The elderly have very often already paid off their mortgages — no doubt helped by the 1980s and 1990s where both stock prices and house prices grew rapidly. And why did rise so rapidly?

Some say that it came on the back of excessive expansion of the money supply beyond the economy’s productive capacity. But that doesn’t seem quite true:

The money supply grew in tandem with industrial production. This was no bubble, but organic growth (albeit as I have shown before on the back of cheap Chinese goods and cheap Arab energy).

My hypothesis is that the present situation is a product of government expansion.

Here’s government expenditure as a proportion of GDP:

Government spending in democracies very often tends to constitute a transfer of wealth from non-voters to voters (as well as groups that can’t afford lobbyists to groups that can afford lobbyists — perhaps that is one reason why corporate profits are soaring while youth unemployment remains elevated, and why Wall Street banks get bailed out, but delinquent small businesses do not).

Here’s the voter turnout by age in the 2004-2008 Presidential elections:

Older people vote in droves. Politicians want their votes and therefore promise them more free stuff — medicare, medicaid, services — and they vote for whoever offers them the most.

The biggest issue though, is this:

Keynesians may say that this reflects a government’s failure to create jobs for young people. They claim that the problem is that there is not enough money circulating in the economy, and that government can “raise demand” by pumping out more cash. But there is plenty of money in the economy; so much money that Apple have built up a $90 billion cash pile. So much that China has built up a $3 trillion cash pile. So much that banks are holding $1.6 trillion in excess reserves below fractional lending requirements.

More likely is the reality that overregulation and barriers to entry are preventing the unemployed from picking up the slack in the jobs market.
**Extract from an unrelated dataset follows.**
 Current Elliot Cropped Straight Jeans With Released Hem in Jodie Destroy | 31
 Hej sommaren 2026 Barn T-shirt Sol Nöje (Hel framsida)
As John Stossel reveals in a recent documentary film,  in New York City it costs $1 million to get a licence to drive a taxi. Anyone who wishes to operate a food cart, or run a lemonade stand has to traverse reams of bureaucracy, acquire health and safety certificates, and often pay huge fees  to receive the “necessary” accreditation. While some barriers to entry are necessary (e.g. in medicine), in other fields it is just an unnecessary restraint on useful economic activity. In many American cities it is now illegal even to feed the homeless without government certification and approval. Citizens who defy these regulations face fines, arrest, and even imprisonment.

In a recent article, the Economist noted:

Two forces make American laws too complex. One is hubris. Many lawmakers seem to believe that they can lay down rules to govern every eventuality. Examples range from the merely annoying (eg, a proposed code for nurseries in Colorado that specifies how many crayons each box must contain) to the delusional (eg, the conceit of Dodd-Frank that you can anticipate and ban every nasty trick financiers will dream up in the future). Far from preventing abuses, complexity creates loopholes that the shrewd can abuse with impunity.

The other force that makes American laws complex is lobbying. The government’s drive to micromanage so many activities creates a huge incentive for interest groups to push for special favours. When a bill is hundreds of pages long, it is not hard for congressmen to slip in clauses that benefit their chums and campaign donors. The health-care bill included tons of favours for the pushy. Congress’s last, failed attempt to regulate greenhouse gases was even worse.

Complexity costs money. Sarbanes-Oxley, a law aimed at preventing Enron-style frauds, has made it so difficult to list shares on an American stockmarket that firms increasingly look elsewhere or stay private. America’s share of initial public offerings fell from 67% in 2002 (when Sarbox passed) to 16% last year, despite some benign tweaks to the law. A study for the Small Business Administration, a government body, found that regulations in general add $10,585 in costs per employee. It’s a wonder the jobless rate isn’t even higher than it is.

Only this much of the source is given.